● Excerpted records:
******

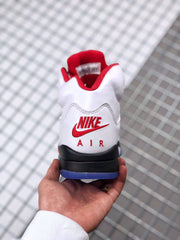 Rear view of the sneaker showing red Nike Air branding, white upper panels, black heel midsole, and blue outsole edge.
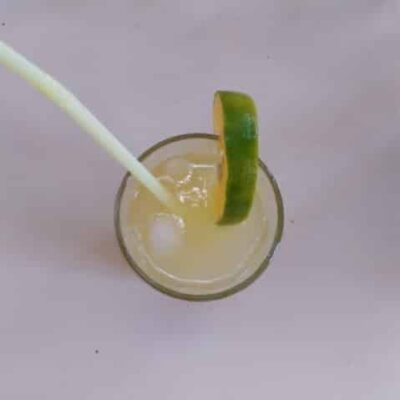 Refreshing Indo-Burmese Lemonade: A Sweet and Tangy Escape - Plattershare - Recipes, food stories and food lovers Burmese Lemonade in a glass with a lime wedge and straw, showcasing a sweet and tangy beverage.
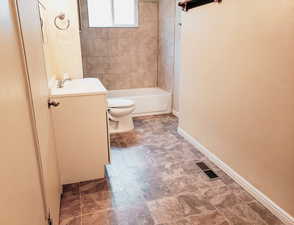 Full bath with vanity and shower / bath combination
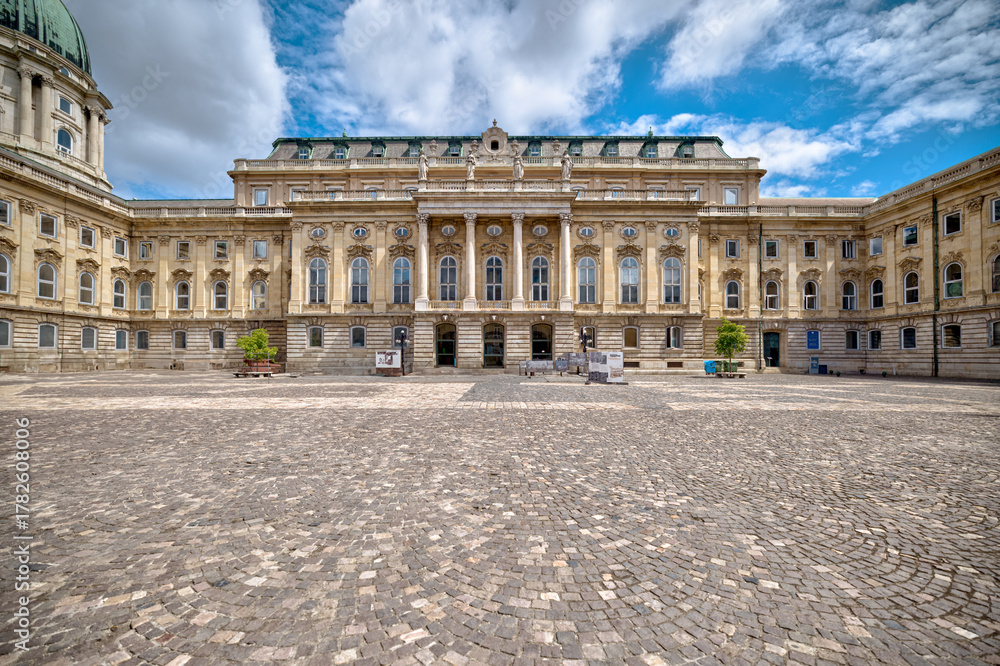 Obraz premium Budapest, Hungary - July 28, 2025: Exteriors of the Budapest Castle — a restored Neo-Renaissance building complex in Budapest, Hungary, located on the Buda side of the Danube 
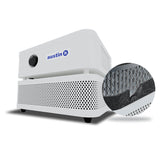 The Austin Air Systems "it" Machine C100 is a compact white air purifier with a black control knob and perforated grille; its honeycomb filter efficiently removes airborne particles.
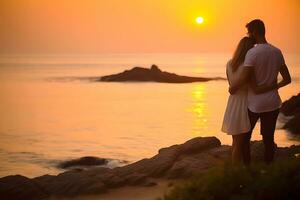 Caucasian couple hugging each other at beach during sunset photo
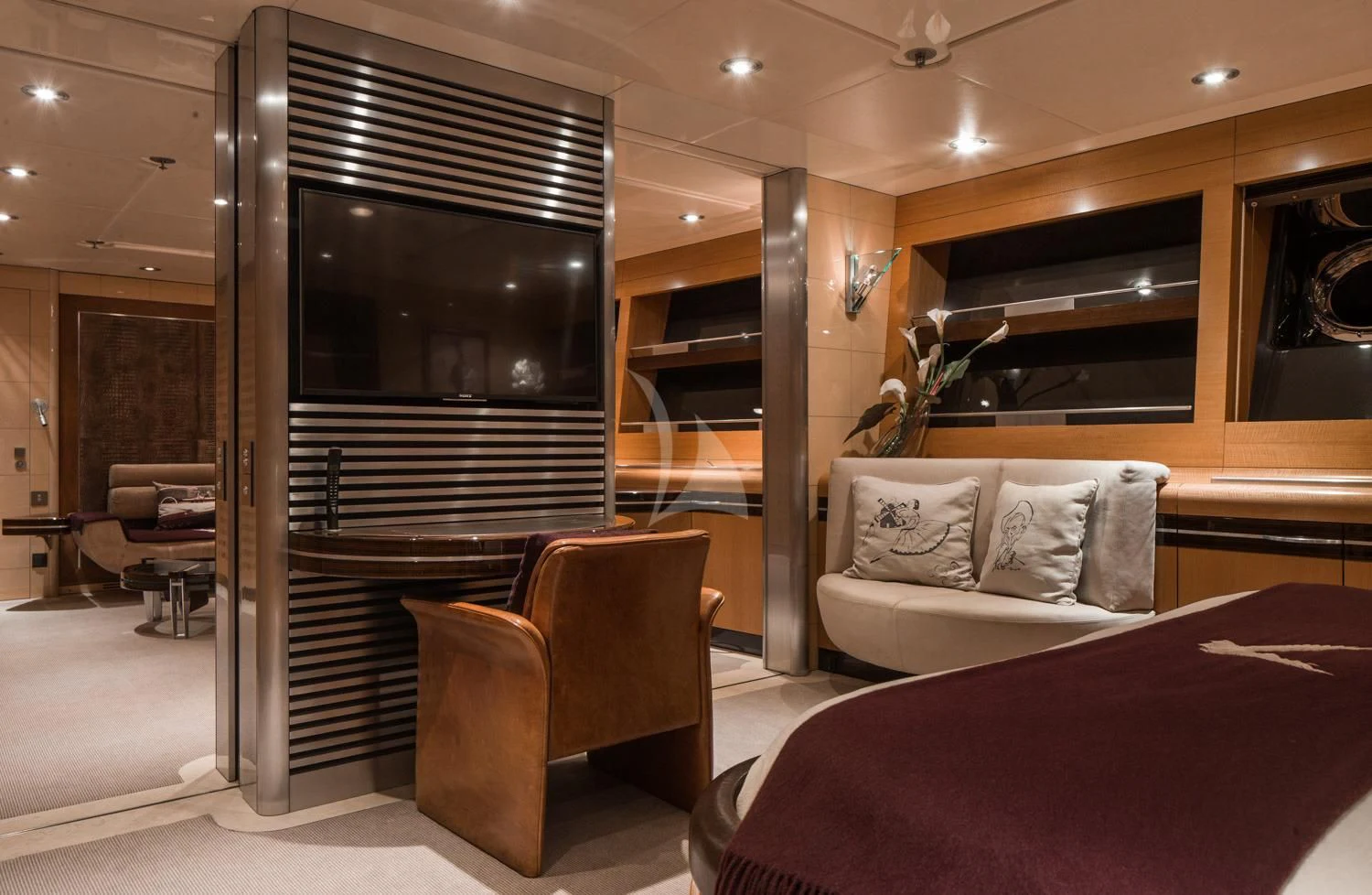 a room with a bed and a tv aboard MALTESE FALCON Yacht for Sale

******

● Problem description: Exact copies of all the entries, without any pictures, are what the answer must contain.

● Solution:
 Rear view of the sneaker showing red Nike Air branding, white upper panels, black heel midsole, and blue outsole edge.
 Refreshing Indo-Burmese Lemonade: A Sweet and Tangy Escape - Plattershare - Recipes, food stories and food lovers Burmese Lemonade in a glass with a lime wedge and straw, showcasing a sweet and tangy beverage.
 Full bath with vanity and shower / bath combination
 Obraz premium Budapest, Hungary - July 28, 2025: Exteriors of the Budapest Castle — a restored Neo-Renaissance building complex in Budapest, Hungary, located on the Buda side of the Danube 
 The Austin Air Systems "it" Machine C100 is a compact white air purifier with a black control knob and perforated grille; its honeycomb filter efficiently removes airborne particles.
 Caucasian couple hugging each other at beach during sunset photo
 a room with a bed and a tv aboard MALTESE FALCON Yacht for Sale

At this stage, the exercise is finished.